It would certainly be an overstatement to say I hated everything streaming in via the AM of FM dials. In particular, I loved a lot of r&b/soul/funk beaming across the airwaves, being a genre that didn’t receive a lot of airing in my more rock-based home (even then, that could be more down to faithful weekly viewings of Soul Train throughout the early-to-mid 1970s). There were also many songs here and there that I enjoyed from that time too, with plenty of catchy throwaway pop. But, overall, the preponderance of stuff that I liked coming in via both signals tended to parrot the more popular artists of the day who were already staples at Chez Various, such as Elton John, Rod Stewart, The Rolling Stones, and the like. Meanwhile, AM favourites such as John Denver, Olivia Newton John, and Chicago, or their FM cousins such as Yes, Black Sabbath and The Doobie Brothers just weren’t my cup of tea.
If I were to sit here and count off the number of artists (a) who I discovered via commercial radio, (b) who I had no prior knowledge of, and (c) whose careers I followed and took significant interest in over time rather than simply liking one or two particular tunes, I could number them on the fingers of two hands.
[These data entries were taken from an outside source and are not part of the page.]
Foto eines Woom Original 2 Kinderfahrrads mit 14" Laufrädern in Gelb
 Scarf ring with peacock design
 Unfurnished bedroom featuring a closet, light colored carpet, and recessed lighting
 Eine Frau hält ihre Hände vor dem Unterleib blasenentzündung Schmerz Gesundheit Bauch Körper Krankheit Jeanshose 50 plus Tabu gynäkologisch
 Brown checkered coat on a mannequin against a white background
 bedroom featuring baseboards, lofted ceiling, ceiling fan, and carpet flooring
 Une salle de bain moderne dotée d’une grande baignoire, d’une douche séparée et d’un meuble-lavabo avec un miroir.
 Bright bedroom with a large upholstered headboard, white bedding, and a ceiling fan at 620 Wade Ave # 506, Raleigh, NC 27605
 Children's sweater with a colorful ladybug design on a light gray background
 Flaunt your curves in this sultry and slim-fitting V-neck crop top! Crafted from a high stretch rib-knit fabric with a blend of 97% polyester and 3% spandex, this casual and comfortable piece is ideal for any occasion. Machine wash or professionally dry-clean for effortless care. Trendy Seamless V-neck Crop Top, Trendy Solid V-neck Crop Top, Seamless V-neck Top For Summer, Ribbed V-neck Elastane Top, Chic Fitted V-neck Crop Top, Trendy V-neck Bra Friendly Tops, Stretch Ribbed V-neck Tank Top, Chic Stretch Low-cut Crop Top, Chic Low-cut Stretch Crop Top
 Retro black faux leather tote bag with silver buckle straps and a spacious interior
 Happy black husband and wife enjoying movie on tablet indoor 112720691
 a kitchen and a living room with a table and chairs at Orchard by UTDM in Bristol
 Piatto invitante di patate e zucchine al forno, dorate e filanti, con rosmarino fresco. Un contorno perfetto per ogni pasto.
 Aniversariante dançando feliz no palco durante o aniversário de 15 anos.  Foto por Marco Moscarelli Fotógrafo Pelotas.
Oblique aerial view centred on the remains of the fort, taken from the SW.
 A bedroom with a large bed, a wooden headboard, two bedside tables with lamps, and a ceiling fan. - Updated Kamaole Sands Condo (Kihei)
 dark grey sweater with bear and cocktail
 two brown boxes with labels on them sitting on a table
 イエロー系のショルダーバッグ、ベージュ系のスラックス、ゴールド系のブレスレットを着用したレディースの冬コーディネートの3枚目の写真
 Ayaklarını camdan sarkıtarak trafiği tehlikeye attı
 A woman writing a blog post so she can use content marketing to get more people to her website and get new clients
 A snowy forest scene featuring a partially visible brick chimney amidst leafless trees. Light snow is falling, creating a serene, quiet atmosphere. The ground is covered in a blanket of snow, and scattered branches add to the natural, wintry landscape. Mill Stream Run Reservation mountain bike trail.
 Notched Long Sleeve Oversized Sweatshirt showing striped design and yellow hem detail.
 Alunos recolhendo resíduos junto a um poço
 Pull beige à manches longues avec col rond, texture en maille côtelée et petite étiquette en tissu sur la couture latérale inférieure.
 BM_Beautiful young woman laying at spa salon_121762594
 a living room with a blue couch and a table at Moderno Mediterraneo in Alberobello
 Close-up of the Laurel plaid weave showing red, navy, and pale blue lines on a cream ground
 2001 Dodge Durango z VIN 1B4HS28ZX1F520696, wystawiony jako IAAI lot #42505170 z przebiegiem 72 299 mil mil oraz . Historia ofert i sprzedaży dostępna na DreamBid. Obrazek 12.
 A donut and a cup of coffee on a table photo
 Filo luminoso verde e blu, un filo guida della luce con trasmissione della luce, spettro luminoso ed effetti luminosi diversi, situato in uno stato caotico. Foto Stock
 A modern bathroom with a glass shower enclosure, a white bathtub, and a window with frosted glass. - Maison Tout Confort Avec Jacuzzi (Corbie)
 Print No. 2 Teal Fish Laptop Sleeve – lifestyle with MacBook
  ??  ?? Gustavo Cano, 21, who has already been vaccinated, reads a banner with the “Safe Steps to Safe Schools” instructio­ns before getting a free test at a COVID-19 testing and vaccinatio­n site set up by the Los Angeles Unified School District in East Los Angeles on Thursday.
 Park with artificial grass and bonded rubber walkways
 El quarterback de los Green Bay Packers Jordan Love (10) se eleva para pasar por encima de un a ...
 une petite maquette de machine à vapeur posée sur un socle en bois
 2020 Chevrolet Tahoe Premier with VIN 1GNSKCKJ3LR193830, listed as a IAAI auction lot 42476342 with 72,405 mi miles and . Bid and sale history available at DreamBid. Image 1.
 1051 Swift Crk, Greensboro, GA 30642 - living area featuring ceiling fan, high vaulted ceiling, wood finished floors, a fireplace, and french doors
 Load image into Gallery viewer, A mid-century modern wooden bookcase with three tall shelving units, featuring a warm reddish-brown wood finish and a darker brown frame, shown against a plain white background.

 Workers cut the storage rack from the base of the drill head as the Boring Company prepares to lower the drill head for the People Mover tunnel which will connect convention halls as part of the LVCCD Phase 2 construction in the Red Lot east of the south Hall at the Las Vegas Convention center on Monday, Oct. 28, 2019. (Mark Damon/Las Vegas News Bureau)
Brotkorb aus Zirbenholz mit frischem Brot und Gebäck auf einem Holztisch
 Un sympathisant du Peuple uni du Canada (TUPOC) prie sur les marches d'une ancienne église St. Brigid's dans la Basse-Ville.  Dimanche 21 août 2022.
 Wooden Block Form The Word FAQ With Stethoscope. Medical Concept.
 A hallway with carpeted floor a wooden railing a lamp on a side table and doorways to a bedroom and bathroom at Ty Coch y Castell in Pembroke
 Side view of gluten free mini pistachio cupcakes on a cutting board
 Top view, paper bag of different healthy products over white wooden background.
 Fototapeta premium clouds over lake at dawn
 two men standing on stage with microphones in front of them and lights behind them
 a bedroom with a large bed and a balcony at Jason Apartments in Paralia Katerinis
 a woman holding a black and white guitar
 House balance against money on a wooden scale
I’m not sure I would even need the second hand.
That’s why it’s so lottery-odds unbelievable that this double (en)lightning bolt of discovering these two aforementioned recordings happened within a two week period, on the cusp of 1973.
VariousArtists, Christmas 1973, age 11, with platform shoes. All the (very) young dudes.
The first was a dramatic story-song about an astronaut who, once launched into space, decides to bid farewell to one and all, unplug, and leave everything behind, heading off alone into the uncharted, infinite unknown. Its dramatic presentation and production caught my ear. I liked the clever nod to Stanley Kubrick’s film, 2001: A Space Odyssey, which I had recently seen, and how the song was arranged into distinct sections. I was also fascinated by the story itself, not least of which, its chilling denouement, and also fell in love with the sound of the singer’s voice and the record’s melodic appeal.
The second song was a jazzy number featuring a to-die-for, looping, loping bass line and a vocalist who spoke more than sang, cooly delivering observational vignettes about a series of fringe characters heading to New York City to get their freak on. The vocalist didn’t have a sweet voice like the singer in the first song — or like any other vocalist on the radio for that matter — but there was something about his nuanced, stylized recitation and the vague sense of exciting forbiddenness that permeated the recording, sucking me in with gravitational pull.
Both were unlike anything else on the radio at that time or anything I had heard. Furthermore, while sonically different, both songs were about misfits opting out of the game and into their own chosen reality.
Both songs will be instantly familiar to just about everyone of a certain age or those invested in music history knowledge as “Space Oddity” by David Bowie and “Walk on the Wild Side” by Lou Reed, respectively.
Hearing them a mere few days apart is where and when “The Seventies” truly start for me.
David Bowie’s “Space Oddity” (above) and Lou Reed’s “Walk on the Wild Side” (below). Let The Seventies begin!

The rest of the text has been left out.